„Brüder“: Die dunklen Kinder der DDR
Jackie Thomae erzählt großartig nonchalant in einem zweigeteilten Roman von zwei ostdeutschen Brüdern, die nur den unbekannten senegalesischen Vater gemeinsam haben.
Kurz, nur ganz kurz ist man versucht zu denken: Und wieder ein Damals-war-Berlin-so-cool-Roman. „Wieso“, beginnt Jackie Thomae, „fragte Mick sich viele Jahre später, verschwammen die Neunziger in seiner Erinnerung zu einem konturlosen Nebel, obwohl es sein erstes Jahrzehnt als Erwachsener war? Wenn er sich hineinzoomte in diesen Nebel, der sich als Disconebel herausstellte, obwohl man schon lange nicht mehr Disco sagte, dann sah er, dass doch eigentlich viel Bemerkenswertes passiert war.“
Und dann zoomt Jackie Thomae hinein in diesen Nebel und richtet den Scheinwerfer auf Mick, einen unentschlossenen Tagträumer, der durch die Nächte mäandert, keine Entscheidung trifft und ganz nebenbei mit seinem Club gutes Geld macht.

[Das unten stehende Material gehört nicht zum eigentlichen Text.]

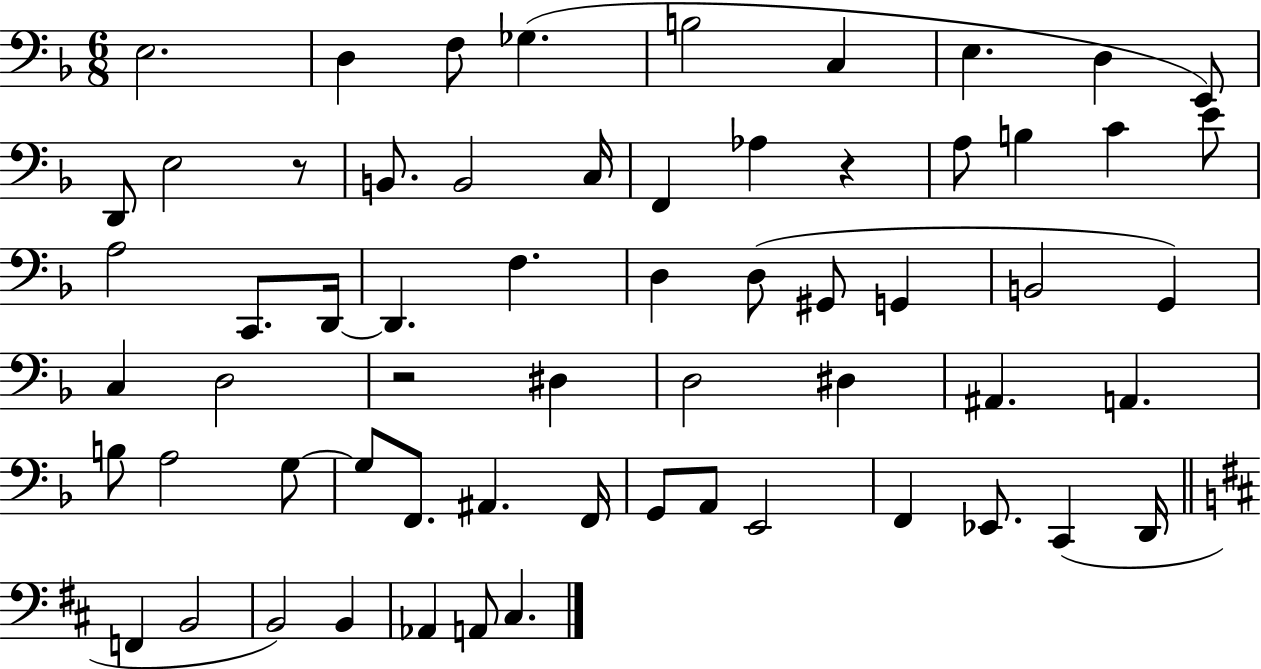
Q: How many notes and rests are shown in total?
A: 62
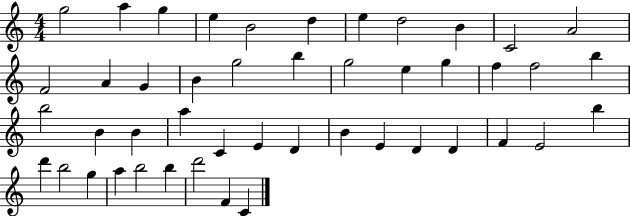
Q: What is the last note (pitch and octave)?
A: C4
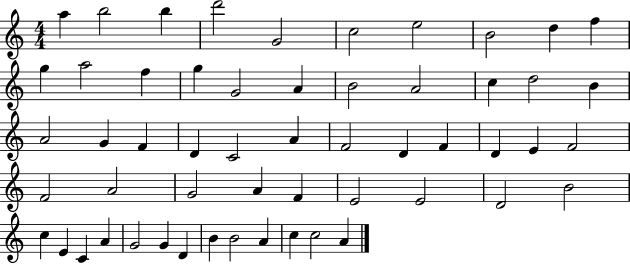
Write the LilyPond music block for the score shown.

{
  \clef treble
  \numericTimeSignature
  \time 4/4
  \key c \major
  a''4 b''2 b''4 | d'''2 g'2 | c''2 e''2 | b'2 d''4 f''4 | \break g''4 a''2 f''4 | g''4 g'2 a'4 | b'2 a'2 | c''4 d''2 b'4 | \break a'2 g'4 f'4 | d'4 c'2 a'4 | f'2 d'4 f'4 | d'4 e'4 f'2 | \break f'2 a'2 | g'2 a'4 f'4 | e'2 e'2 | d'2 b'2 | \break c''4 e'4 c'4 a'4 | g'2 g'4 d'4 | b'4 b'2 a'4 | c''4 c''2 a'4 | \break \bar "|."
}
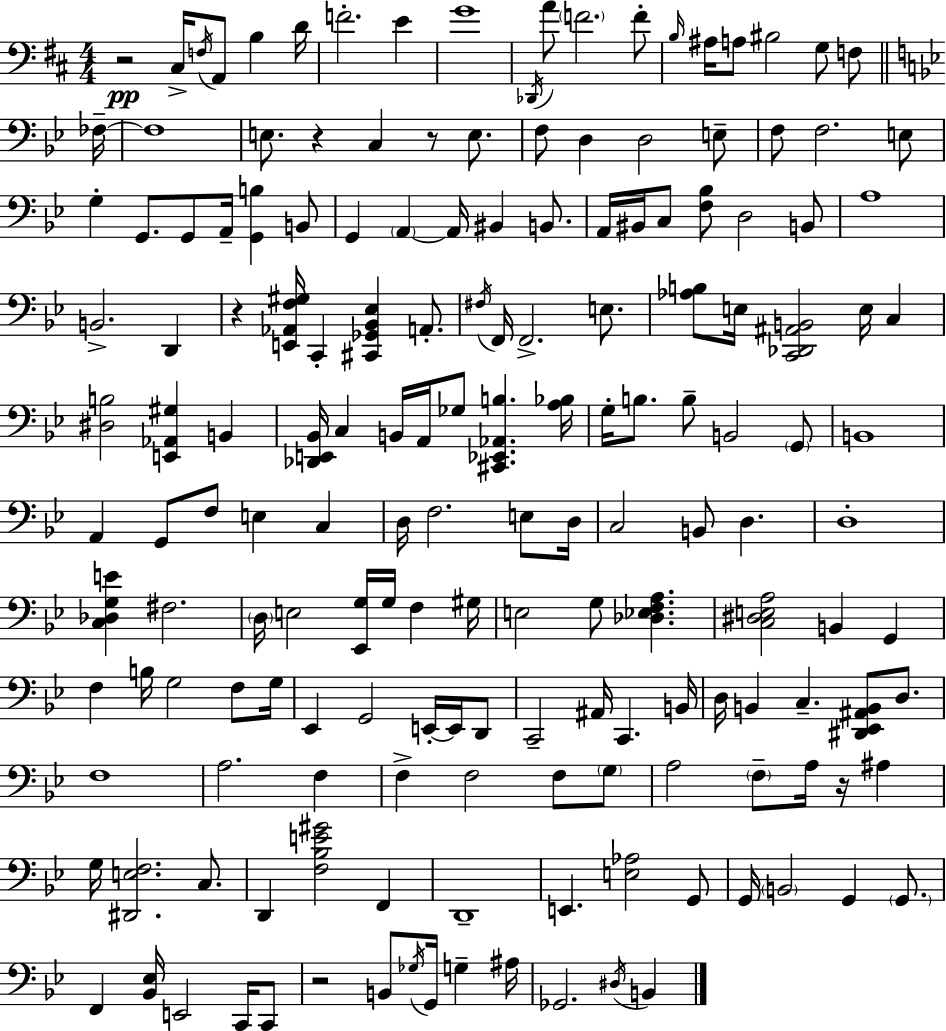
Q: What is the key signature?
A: D major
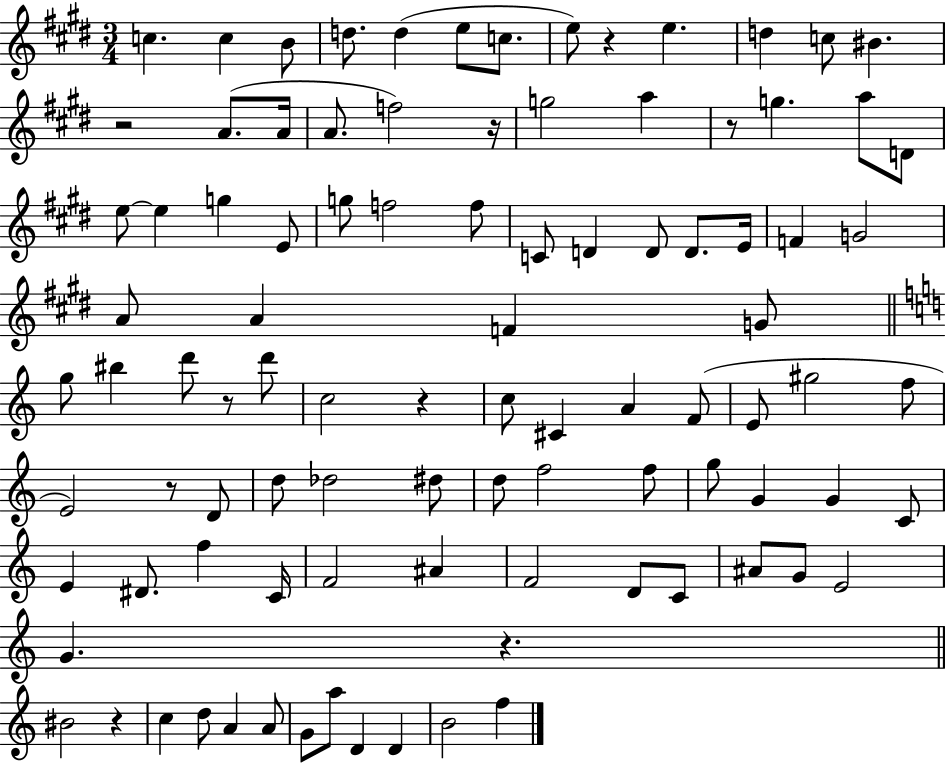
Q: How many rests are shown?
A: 9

Und man liest gerne weiter. „Der Mitreisende“ betitelt Thomae diesen ersten Teil von „Brüder“. Mick, das war „der, dessen Gesicht auf den Klassenfotos nicht weiß, sondern einen Ton dunkler war, also hellgrau, denn die Fotos waren schwarzweiß“. Der glücklich ist, als er Desmond trifft, etwas älter, etwas dunkler und als Amerikaner „mit einem natürlichen Vorsprung an Coolness ausgestattet“. Mick ist der, der Vinyl aufkauft und Musikkritiken schreibt, der sich als Drogenkurier anheuern lässt, der aus allem irgendwie wieder herauskommt, der mit seiner Freundin aus Bequemlichkeit zusammen ist, der regelmäßig einfach untertaucht.